TASK:
Return the run of lines below that opens with the line containing "Sac Fourre-tout Noir Nœud Moderne" and closes with the line containing "Boho Daisy Rain Shower Curtain", keeping each one exact.

ENTRIES PROVIDED:
▬▬▬▬▬▬▬▬▬▬

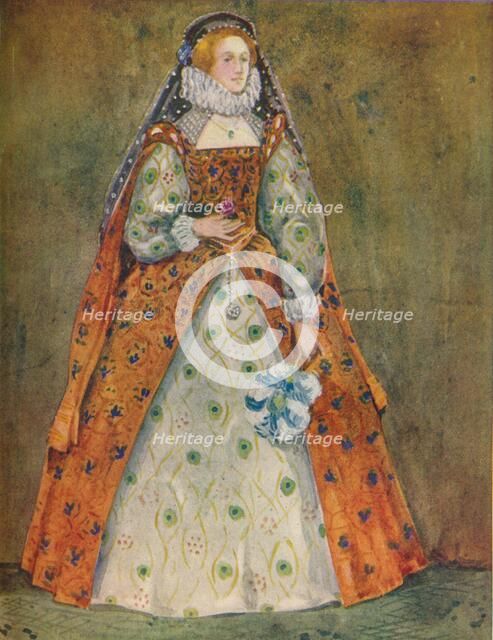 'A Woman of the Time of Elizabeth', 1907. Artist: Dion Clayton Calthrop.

▬▬▬▬▬▬▬▬▬▬

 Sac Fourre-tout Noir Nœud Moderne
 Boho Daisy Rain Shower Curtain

▬▬▬▬▬▬▬▬▬▬

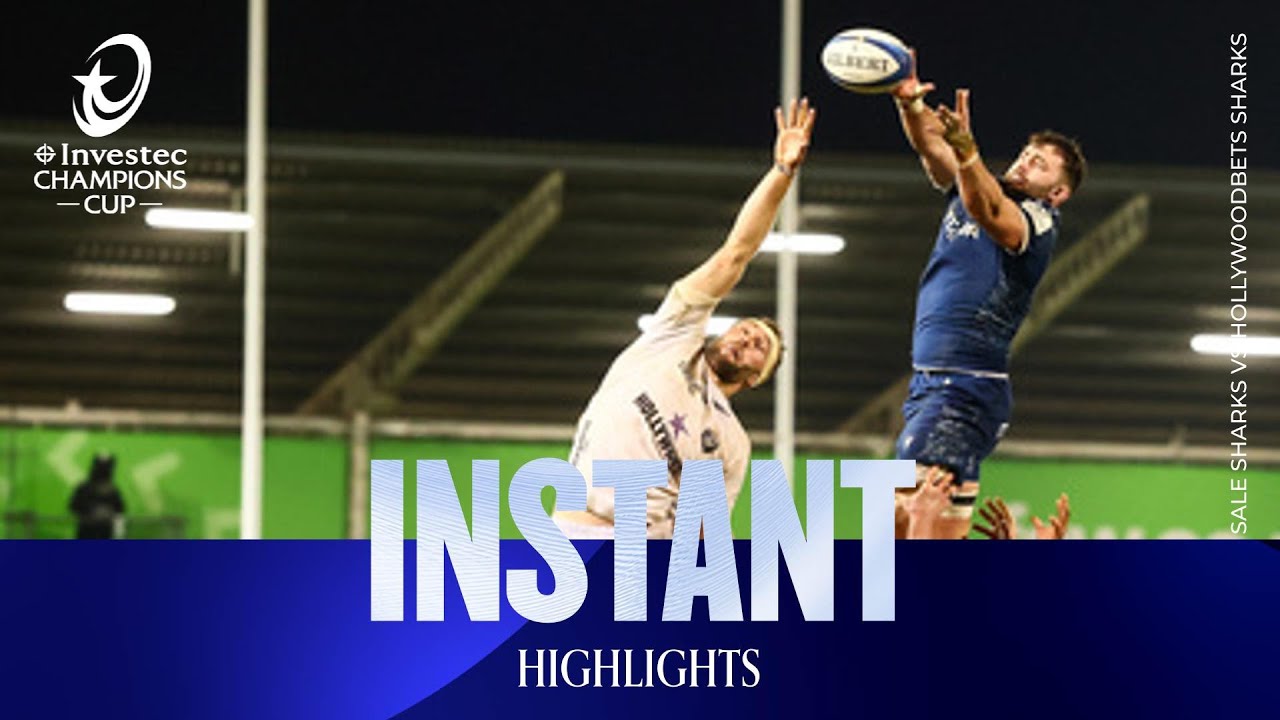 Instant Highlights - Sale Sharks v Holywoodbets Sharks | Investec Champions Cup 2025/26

▬▬▬▬▬▬▬▬▬▬

ANSWER SECTION:
 Sac Fourre-tout Noir Nœud Moderne
 Boho Daisy Rain Shower Curtain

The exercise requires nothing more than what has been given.